Intanto conosciamo il protagonista, Amin, un chirurgo naturalizzato israeliano che lavora nell’ospedale di Tel Aviv, dove il boato dell’ennesimo attentato kamikaze preannuncia l’affollarsi di feriti nelle corsie.

Tornato a casa dopo ore di sala operatoria,senza riuscire a mettersi in contatto con la moglie, partita per andare a trovare dei parenti, la sua notte è un precipitare nell’incubo. Chiamato a riconoscerne il corpo fra le vittime, scopre che Sihem, l’amata, bellissima e colta compagna della sua vita, era il kamikaze.

Interrogato per giorni dai servizi segreti, aggredito dai vicini, vede disfarsi il suo paradiso di felicità: da fulgido esempio di integrazione torna a essere l’arabo nemico da guardare con sospetto. Ma è soprattutto il progetto di vita che credeva condiviso con lei il tradimento più cocente.

Di nuovo un lento percorso dal fuori al dentro, dalla volontà di capire chi l’ha indottrinata, strappandola alla vita perfetta che vivevano, fino alla ricerca di ciò che non conosceva di lei, del diverso significato che quella vita serena aveva per loro.

“L’attentato” non è un libro sul terrorismo o sul conflitto arabo-israeliano, anche se sullo sfondo del viaggio iniziatico del protagonista si aprono scorci limpidi, crudi e intensi delle lacerazioni dei popoli e dei territori. La realtà di quella inesausta battaglia è il corpo e il sangue degli eterni demoni, del “nemico” e del “fuoco amico” che ci riguarda tutti, perché il bisogno di comprendere va cercato dentro.

Nel suo libro “Con gli occhi del nemico” (Mondadori, 2007), Grossman descrive molto bene come il processo di scrittura sui personaggi permetta di rendere l’altro “prossimo”, riscattandolo dall’estraneità, rendendolo pensabile e quindi non più indifferente o ignorabile, di come vedere la storia attraverso gli occhi del nemico ci cambia la realtà, espande la nostra visuale.

È ciò che fa Khadra attraverso il suo protagonista, che odiato dagli uni e considerato abiuratore dagli altri, fa ritorno alle terre d’origine, alla ricerca di un senso a quel gesto. Come in un girone infernale, Amin incontra i suoi familiari e i militanti, le ragioni di pace e di guerra in dialoghi e scontri dallo spessore fortemente interiore.

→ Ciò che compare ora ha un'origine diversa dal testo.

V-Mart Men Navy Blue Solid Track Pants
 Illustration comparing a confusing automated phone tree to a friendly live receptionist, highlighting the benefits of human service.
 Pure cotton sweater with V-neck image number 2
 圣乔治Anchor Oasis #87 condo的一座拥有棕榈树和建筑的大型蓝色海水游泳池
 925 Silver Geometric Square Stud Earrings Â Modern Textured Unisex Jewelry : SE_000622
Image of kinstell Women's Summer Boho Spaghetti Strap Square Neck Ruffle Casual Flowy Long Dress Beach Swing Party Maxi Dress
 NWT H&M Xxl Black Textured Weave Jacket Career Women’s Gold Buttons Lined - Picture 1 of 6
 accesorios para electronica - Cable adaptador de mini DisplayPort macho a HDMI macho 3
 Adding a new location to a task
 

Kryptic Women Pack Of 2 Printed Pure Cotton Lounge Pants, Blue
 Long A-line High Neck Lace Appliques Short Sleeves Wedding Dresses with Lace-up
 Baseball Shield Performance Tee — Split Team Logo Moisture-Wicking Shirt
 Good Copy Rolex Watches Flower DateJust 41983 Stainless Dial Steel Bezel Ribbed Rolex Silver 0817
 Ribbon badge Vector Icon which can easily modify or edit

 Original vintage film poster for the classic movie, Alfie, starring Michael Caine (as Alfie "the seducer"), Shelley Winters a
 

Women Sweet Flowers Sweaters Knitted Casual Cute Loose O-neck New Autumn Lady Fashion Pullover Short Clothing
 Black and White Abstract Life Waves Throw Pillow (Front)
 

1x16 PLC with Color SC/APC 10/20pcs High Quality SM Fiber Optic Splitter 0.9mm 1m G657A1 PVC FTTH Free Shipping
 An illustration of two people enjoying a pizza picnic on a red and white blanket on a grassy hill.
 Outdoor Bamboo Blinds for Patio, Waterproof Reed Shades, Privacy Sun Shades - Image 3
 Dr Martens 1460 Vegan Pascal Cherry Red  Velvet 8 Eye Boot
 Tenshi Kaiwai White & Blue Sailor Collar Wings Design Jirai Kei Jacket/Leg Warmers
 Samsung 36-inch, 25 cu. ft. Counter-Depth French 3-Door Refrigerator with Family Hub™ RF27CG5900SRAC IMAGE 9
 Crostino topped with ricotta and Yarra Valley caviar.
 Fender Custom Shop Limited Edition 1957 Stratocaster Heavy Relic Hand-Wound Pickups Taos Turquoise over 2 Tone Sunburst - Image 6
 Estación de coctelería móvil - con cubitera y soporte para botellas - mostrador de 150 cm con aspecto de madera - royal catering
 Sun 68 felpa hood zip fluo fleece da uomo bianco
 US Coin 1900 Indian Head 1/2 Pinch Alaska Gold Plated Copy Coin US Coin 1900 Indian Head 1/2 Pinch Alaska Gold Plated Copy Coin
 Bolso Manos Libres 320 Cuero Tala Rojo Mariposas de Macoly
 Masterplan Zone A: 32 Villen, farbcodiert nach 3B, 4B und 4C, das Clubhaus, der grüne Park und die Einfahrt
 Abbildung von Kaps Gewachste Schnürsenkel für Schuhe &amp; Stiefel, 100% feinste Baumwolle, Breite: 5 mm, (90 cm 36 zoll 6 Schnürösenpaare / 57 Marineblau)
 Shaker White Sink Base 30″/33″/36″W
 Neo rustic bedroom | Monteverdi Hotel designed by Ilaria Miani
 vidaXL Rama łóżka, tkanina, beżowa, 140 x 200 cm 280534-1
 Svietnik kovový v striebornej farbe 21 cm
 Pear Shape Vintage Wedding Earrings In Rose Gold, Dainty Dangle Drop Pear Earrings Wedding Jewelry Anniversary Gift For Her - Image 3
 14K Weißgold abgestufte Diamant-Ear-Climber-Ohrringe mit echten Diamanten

“Pensiamo di sapere… e finiamo per non prestare più attenzione alle cose.”

La mescola sconvolgente delle molte voci che gli si animano intorno, lo mette di fronte alle sue negazioni, ricompone la “realtà” cui aveva voltato le spalle, aggrappandosi alla sua illusione di felicità con Sihem.

L’epilogo, perché spesso la chiusura è la parte più difficile di una trama che ha saputo svilupparsi con intelligenza, è un gioco di luci e ombre che permettono di cogliervi la Necessità così come la Speranza, a ciascuno secondo il proprio mondo interno, rimarchevole dote di un buon libro – e non solo – che sa far spazio all’altro, fuori o dentro che sia.